A few points you should know about generated columns:

  • Persistence: Currently, the value of generated columns have to be persisted, and cannot be computed on the fly at query time. The “STORED” keyword must be present in the column definition.
  • The Expression: The expression used to compute the value has to be immutable, that is, it has to be deterministic. It can depend on other columns, but not other generated columns, of the table.
  • Indexes: Generated columns can be used in indexes, but cannot be used as a partition key for partitioned tables.
  • Copy and pg_dump: The values of generated columns are omitted in the output of “pg_dump” and “COPY table” commands, as it is unnecessary. You can explicitly include them in COPY using COPY (SELECT * FROM t) TO STDOUT rather than COPY t TO STDOUT.

A Practical Example

Let’s add full text search support to a table using generated columns. Here’s a table that stores the entire text of all of Shakespeare’s plays:

    workid text,       -- denotes the name of the play (like "macbeth")
    act integer,       -- the act (like 1)
    scene integer,     -- the scene within the act (like 7)
    description text,  -- short desc of the scene (like "Macbeth's castle.")
    body text          -- full text of the scene

Here’s how the data looks:

shakespeare=# SELECT workid, act, scene, description, left(body, 200) AS body_start
shakespeare-# FROM scenes WHERE workid='macbeth' AND act=1 AND scene=1;
 workid  | act | scene |   description   |                  body_start
 macbeth |   1 |     1 | A desert place. | [Thunder and lightning. Enter three Witches]+
         |     |       |                 |                                             +
         |     |       |                 | First Witch: When shall we three meet again +
         |     |       |                 | In thunder, lightning, or in rain?          +
         |     |       |                 |                                             +
         |     |       |                 | Second Witch: When the hurlyburly's done,   +
         |     |       |                 | When the battle's lost and won.             +
         |     |       |                 |
(1 row)

We’ll add a column that will contain the lexemes in the value of “body”. The function to_tsvector returns the lexemes we need:

shakespeare=# SELECT to_tsvector('english', 'move moving moved movable mover movability');
 'movabl':4,6 'move':1,2,3 'mover':5
(1 row)

The type of the value returned by to_tsvector is tsvector.

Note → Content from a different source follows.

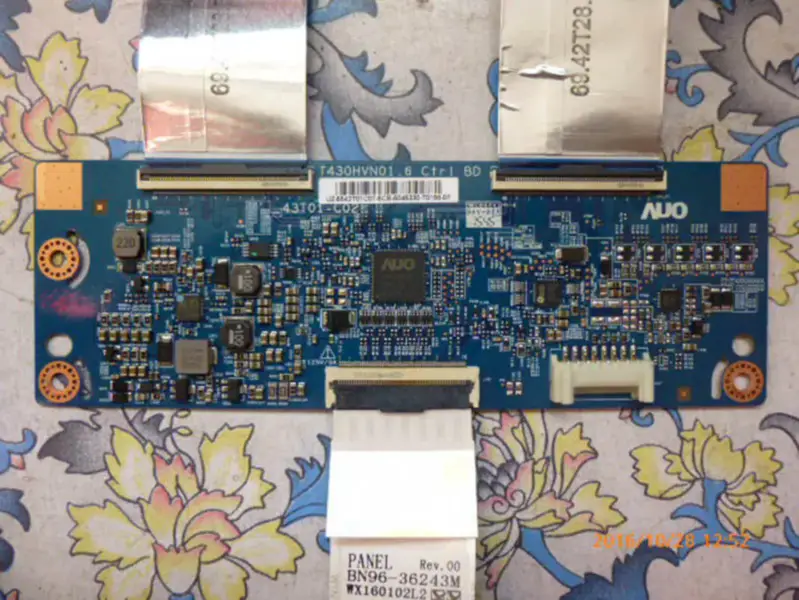 Samsung UA43J51SWAJXXZ logic Board T430HVN01.6 43T01-C02 with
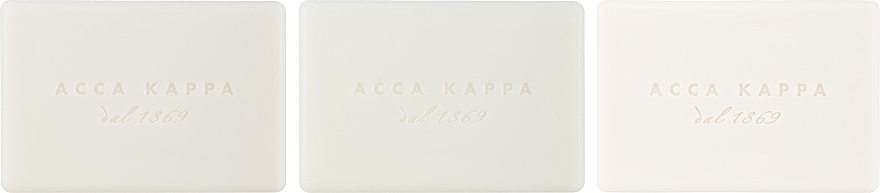 Zestaw - Acca Kappa Soap Collection (3 x soap 150 g) — Zdjęcie N2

Let’s alter the table to add a generated column:

  ADD tsv tsvector
    GENERATED ALWAYS AS (to_tsvector('english', body)) STORED;

You can see the change with \d:

shakespeare=# \d scenes
                                                Table "public.scenes"
   Column    |   Type   | Collation | Nullable |                               Default
 workid      | text     |           | not null |
 act         | integer  |           | not null |
 scene       | integer  |           | not null |
 description | text     |           |          |
 body        | text     |           |          |
 tsv         | tsvector |           |          | generated always as (to_tsvector('english'::regconfig, body)) stored
    "scenes_pkey" PRIMARY KEY, btree (workid, act, scene)

And just like that, you can now do full text searches:

shakespeare=# SELECT
  workid, act, scene, ts_headline(body, q)
    workid, act, scene, body, ts_rank(tsv, q) as rank, q
    scenes, plainto_tsquery('uneasy head') q
    tsv @@ q
    rank DESC
) p
  rank DESC;
  workid  | act | scene |                        ts_headline
 henry4p2 |   3 |     1 | <b>Uneasy</b> lies the <b>head</b> that wears a crown.   +
          |     |       |                                                          +
          |     |       |    Enter WARWICK and Surrey                              +
          |     |       |                                                          +
          |     |       | Earl of Warwick
 henry5   |   2 |     2 | <b>head</b> assembled them?                              +
          |     |       |                                                          +
          |     |       | Lord Scroop: No doubt, my liege, if each man do his best.+
          |     |       |                                                          +
          |     |       | Henry V: I doubt not that; since we are well persuaded   +
          |     |       | We carry not a heart with us from hence
(2 rows)


Read More

If you have a need for pre-computed / “cached” data, especially with a workload of few writes and lots of reads, generated columns should help simplify your application / server-side code a lot.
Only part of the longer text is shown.